La obra marchaba de maravilla. Dan se acordaba de todos sus papeles, —Puck, Bottom, y las tres hadas—, y Una no olvidaba una sola palabra del de Titania, incluso el difícil pasaje en que ella dice a las hadas que habrá que alimentar a Bottom con «albaricoques, higos maduros y zarzamoras», y donde todos los versos tenían la misma rima. Los dos estaban tan contentos que la representaron tres veces, de cabo a rabo, antes de sentarse en el centro del Ruedo para comerse los huevos y las galletas «Bath Oliver». Fue entonces cuando oyeron entre los chopos del ribazo un silbido que los sobresaltó bastante.
Los arbustos se abrieron. En el mismo lugar en que Dan había representado el personaje de Puck, vieron a un pequeño ser cetrino, de anchos hombros, orejas puntiagudas, nariz roma, ojos azules y separados y en cuyo conjunto una mueca sonriente hendía el rostro cubierto de manchas rojizas.
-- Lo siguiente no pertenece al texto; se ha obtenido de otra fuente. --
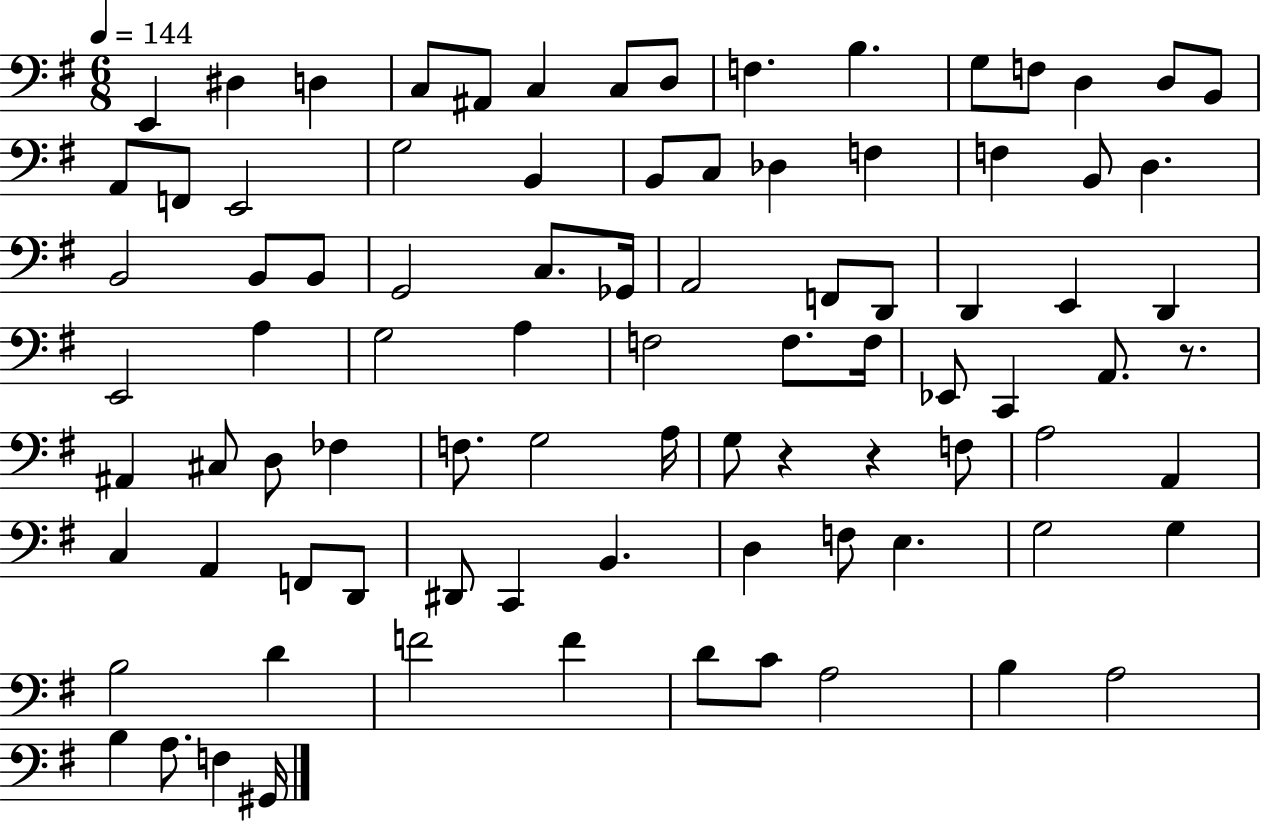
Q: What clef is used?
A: bass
Se protegió los ojos como si mirara a Quince, Snout, Bottom y los demás en trance de repetir Piramo y Tisbe, y con una voz profunda, como la de las Tres Vacas cuando pedían ser ordeñadas, comenzó:
¿Qué rústicos bribones aquí se pavonean
tan cerca de la cuna de nuestra Hada Reina?
Se detuvo y llevó una de sus manos tras su oreja, y con la mirada chispeante de malicia continuó:
¿Es esto una comedia? Yo seré espectador
y, si veo un motivo, seré también actor.
Los niños le miraron embobados. El hombrecillo —apenas llegaría al hombro de Dan— entró tranquilamente en el Ruedo.
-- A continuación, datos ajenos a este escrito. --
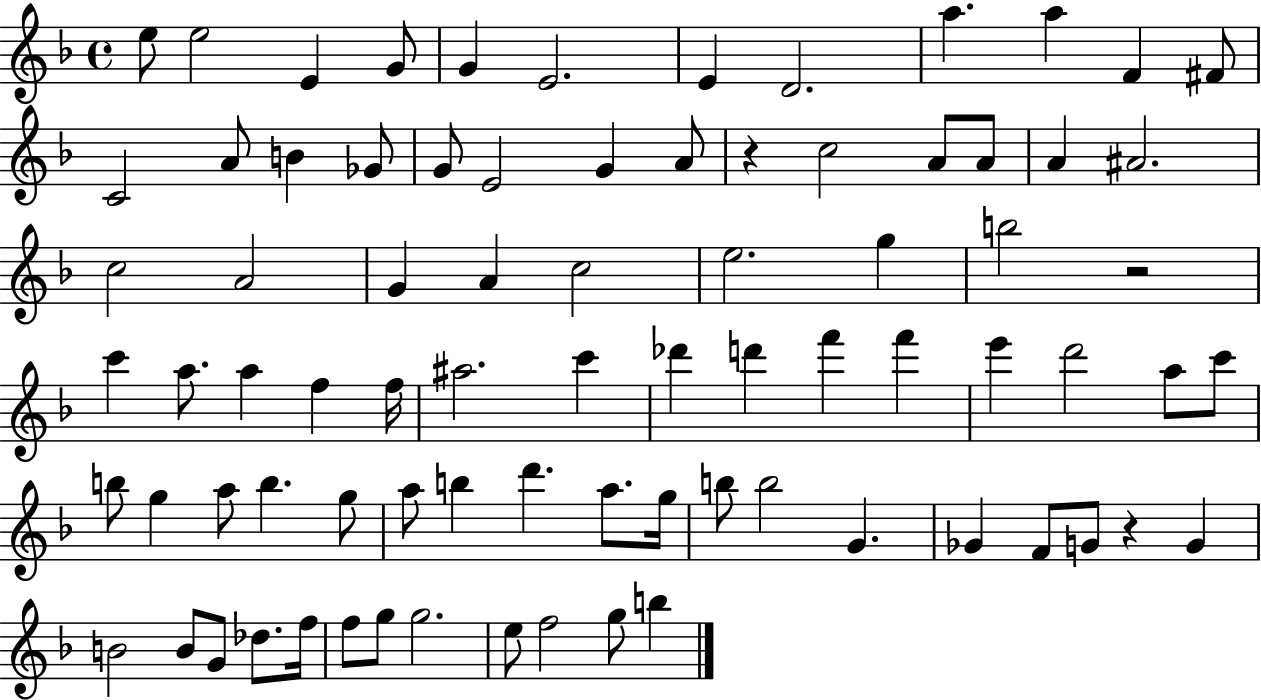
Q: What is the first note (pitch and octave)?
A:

—Ya he perdido un poco de práctica —dijo—, pero así es cómo se representa mi papel.
Los niños no habían cesado de mirarle, desde su sombrerillo azul oscuro, semejante a una flor de ancolia, hasta sus pies descalzos y velludos. Por último él se echó a reír.
—Os ruego que no me miréis así. No es ciertamente mi defecto. ¿Qué podíais esperar de otro? —dijo.
—Nosotros no esperamos nada —repuso Dan lentamente—. Este campo es nuestro.
—¿Sí? —dijo el visitante, sentándose—. Entonces, ¿por qué, gran Dios, representáis El sueño de una noche de verano tres veces seguidas en víspera de San Juan, en medio del Ruedo y al pie sí precisamente al pie de una de las más viejas colinas que poseo en la vieja Inglaterra? La colina de Pook; la colina de Puck; la colina de Puck; la colina de Pook. Está tan claro como el agua.